The ex-Travis Perkins unit off Dallow Road, part of which was once occupied by The Bedfordshire Yeoman pub, will contain a mix of 58 one-bed, 48 two-bed and 76 three-bedroom flats, and four four-bedroom houses.
The scheme also includes 126 parking spaces - 60 short of the total number of homes - plus a new link to Dallow Road and a pedestrian route between Clifton Road and Dallow Road.
Cllr Mark Rivers rejected arguments about parking during a meeting of the borough council’s development control committee yesterday.
“If people went out and bought a boat they would not expect the council to provide somewhere to moor it,” he said.
“It’s almost 30 years since I last owned a car and I am not alone among Lutonians. I know some single mums living in pretty crummy temporary accommodation who don’t own a car and could do with some decent housing.
“There’s this assumption that we are responsible for providing people with somewhere to keep their unused vehicles. It’s not actually true,” he added.
“If people buy a vehicle and they have nowhere to keep it, that’s their problem and they’re going to have to deal with it.”
Nearly all of the two-acre site has been cleared ahead of development.
Labour Northwell councillor Anne Donelon said: “I am concerned about the lack of car parking spaces. It’s a nightmare getting a space there.
“I really do fear the people living in these flats, if there is insufficient parking for them, won’t find spaces on the surrounding roads.
“People use their cars to go shopping or for work and when they come home their space is usually gone."
Architect for the scheme Mike Kane said: “The site has excellent transport links and is extremely well-served by local buses, while the town centre is within walking distance.

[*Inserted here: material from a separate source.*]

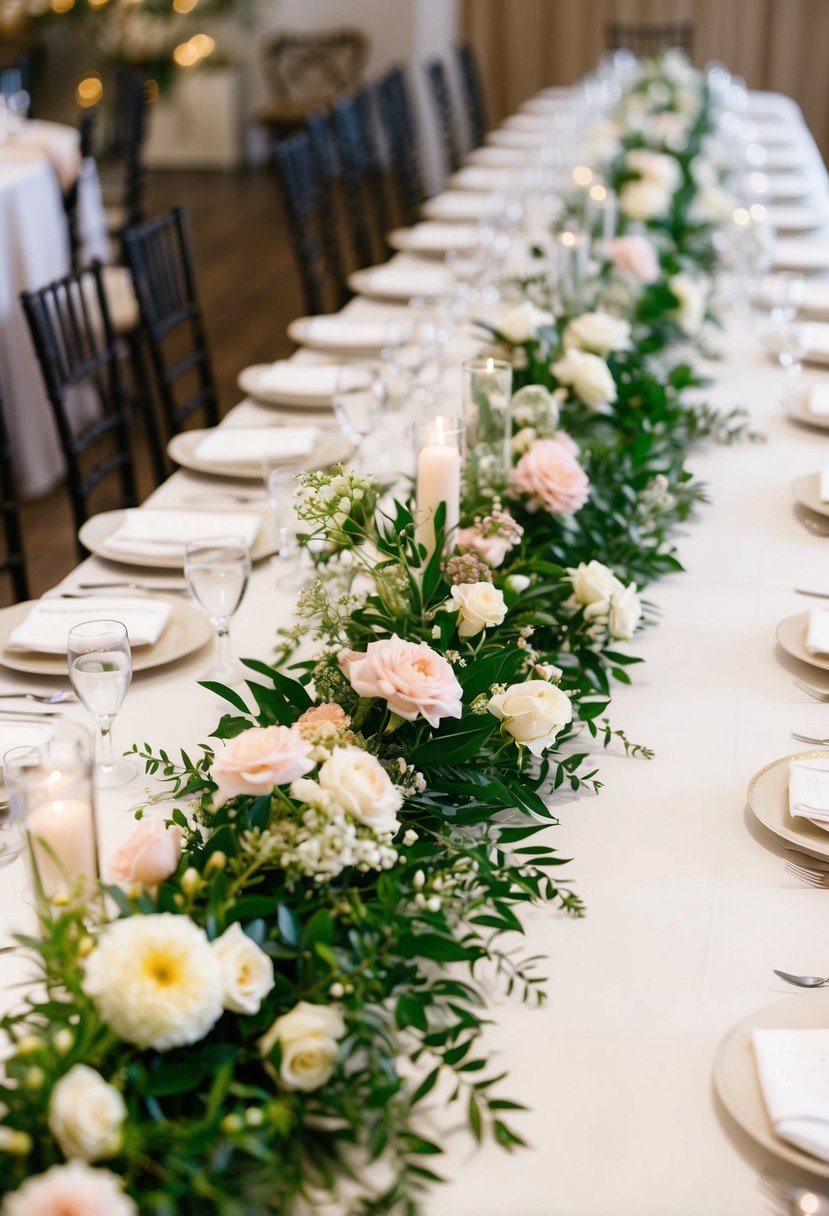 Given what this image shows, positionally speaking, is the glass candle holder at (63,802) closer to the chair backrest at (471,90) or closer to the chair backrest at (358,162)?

“It is a very difficult site to develop because of the amount of foundations which will be needed.
“The costs before you even start building are quite extensive.”
Labour Farley councillor Mahmood Hussain asked why there was no affordable housing provision, saying: “Even the Victorians didn’t pile up that many buildings in such a small space,” .

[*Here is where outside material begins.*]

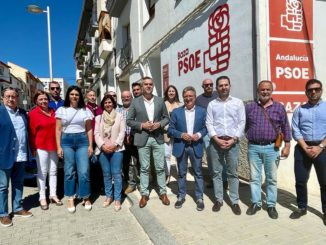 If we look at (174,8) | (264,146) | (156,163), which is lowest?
(156,163)

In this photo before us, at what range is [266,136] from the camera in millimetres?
3799

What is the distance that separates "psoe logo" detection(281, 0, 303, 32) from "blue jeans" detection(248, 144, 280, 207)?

A viability assessment had led to a proposal of £600,000 contributions.
Mr Kane replied: “The Georgians went up five or six-storeys.
“The Victorians were speculative in their own way as well. Things have moved on in terms of architecture.”
The arguments over parking ebbed and flowed for an hour, before Labour Farley councillor Dave Taylor, who chairs the committee, took the helm.
“This is a brownfield site. Do you want to see it developed or not?” he asked. “That is the question.
“I have made my views about parking. It’s at saturation point there.
“The residents in this development are more likely to suffer parking problems from people living on other roads parking in there.”
The plans of applicant SHF Properties Investments were approved by five votes to one.